▶ _Task statement_
Leaving out the pictures, please retype each record exactly.

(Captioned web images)
***
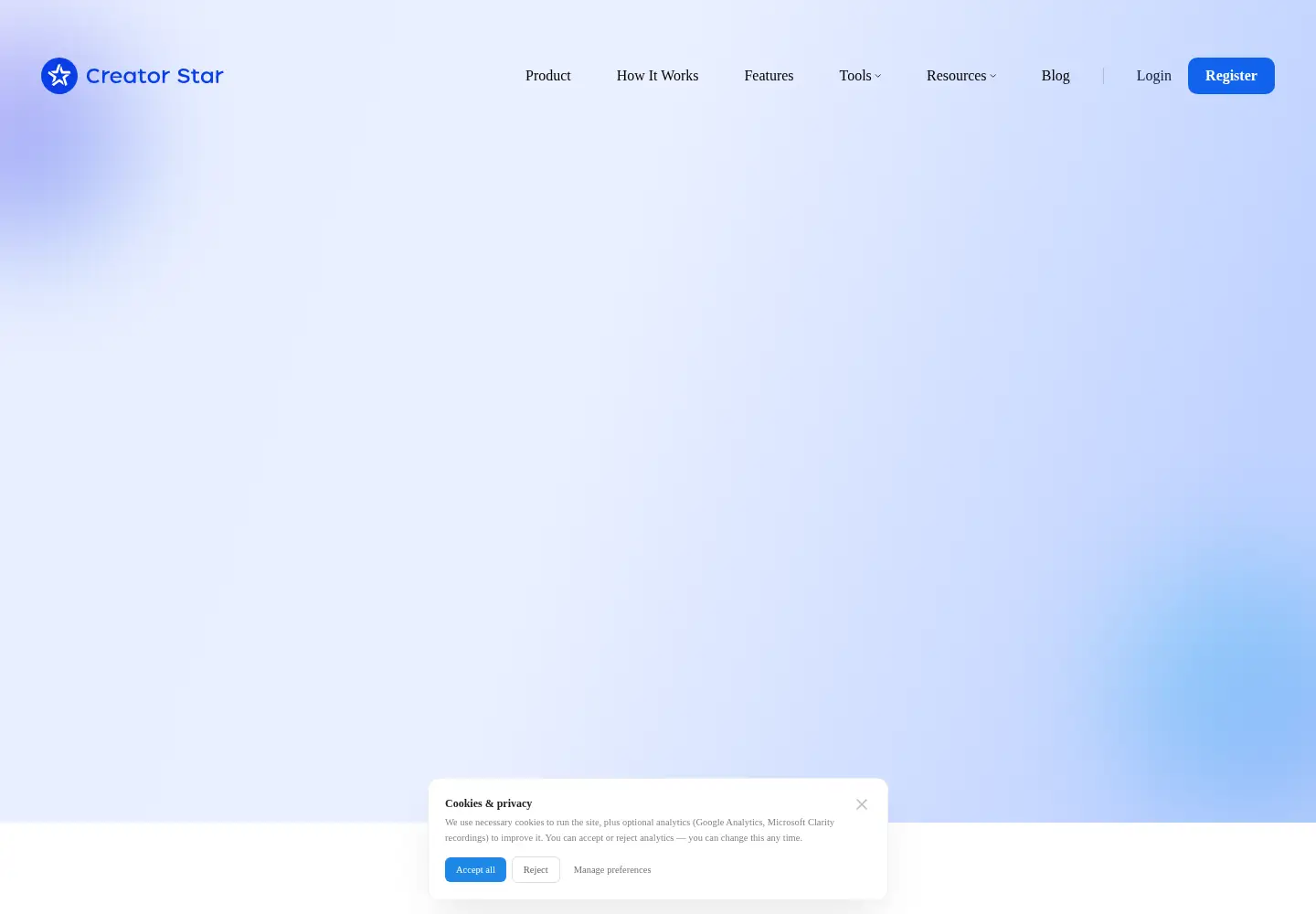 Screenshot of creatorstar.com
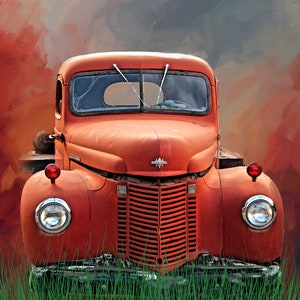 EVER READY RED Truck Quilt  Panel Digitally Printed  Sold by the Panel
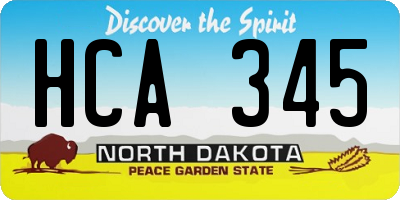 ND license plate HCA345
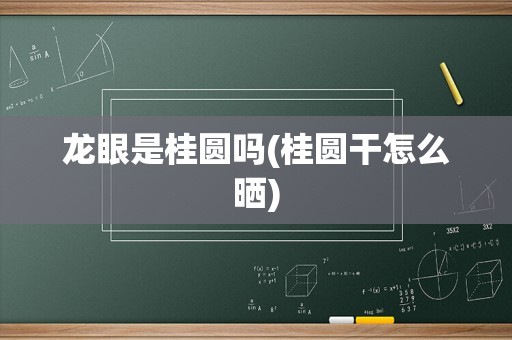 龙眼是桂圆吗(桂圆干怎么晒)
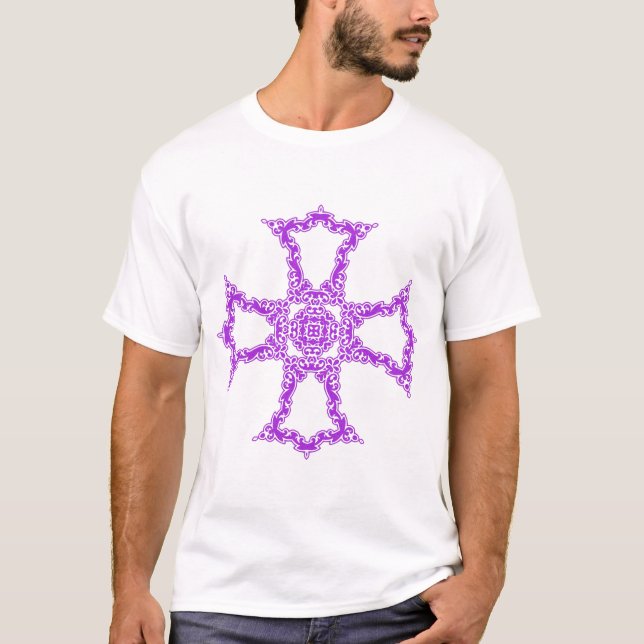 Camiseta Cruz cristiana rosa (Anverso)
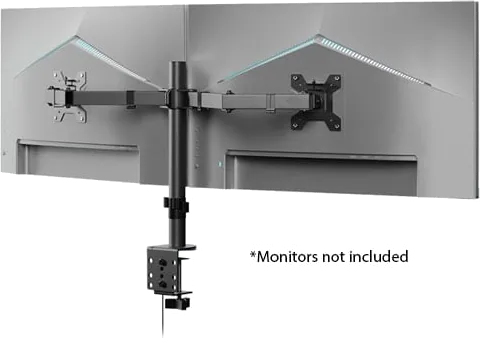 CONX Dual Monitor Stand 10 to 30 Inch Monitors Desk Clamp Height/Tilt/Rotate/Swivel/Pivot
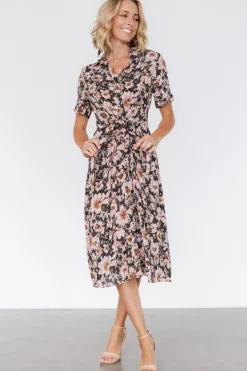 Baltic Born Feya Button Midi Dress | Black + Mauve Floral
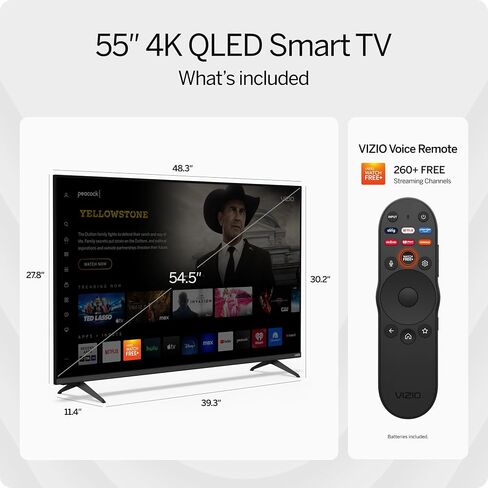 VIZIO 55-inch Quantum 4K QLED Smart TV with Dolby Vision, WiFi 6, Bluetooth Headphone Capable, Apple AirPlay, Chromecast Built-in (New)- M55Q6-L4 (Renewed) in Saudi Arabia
***
▶ _Written solution_
 Screenshot of creatorstar.com
 EVER READY RED Truck Quilt  Panel Digitally Printed  Sold by the Panel
 ND license plate HCA345
 龙眼是桂圆吗(桂圆干怎么晒)
 Camiseta Cruz cristiana rosa (Anverso)
 CONX Dual Monitor Stand 10 to 30 Inch Monitors Desk Clamp Height/Tilt/Rotate/Swivel/Pivot
 Baltic Born Feya Button Midi Dress | Black + Mauve Floral
 VIZIO 55-inch Quantum 4K QLED Smart TV with Dolby Vision, WiFi 6, Bluetooth Headphone Capable, Apple AirPlay, Chromecast Built-in (New)- M55Q6-L4 (Renewed) in Saudi Arabia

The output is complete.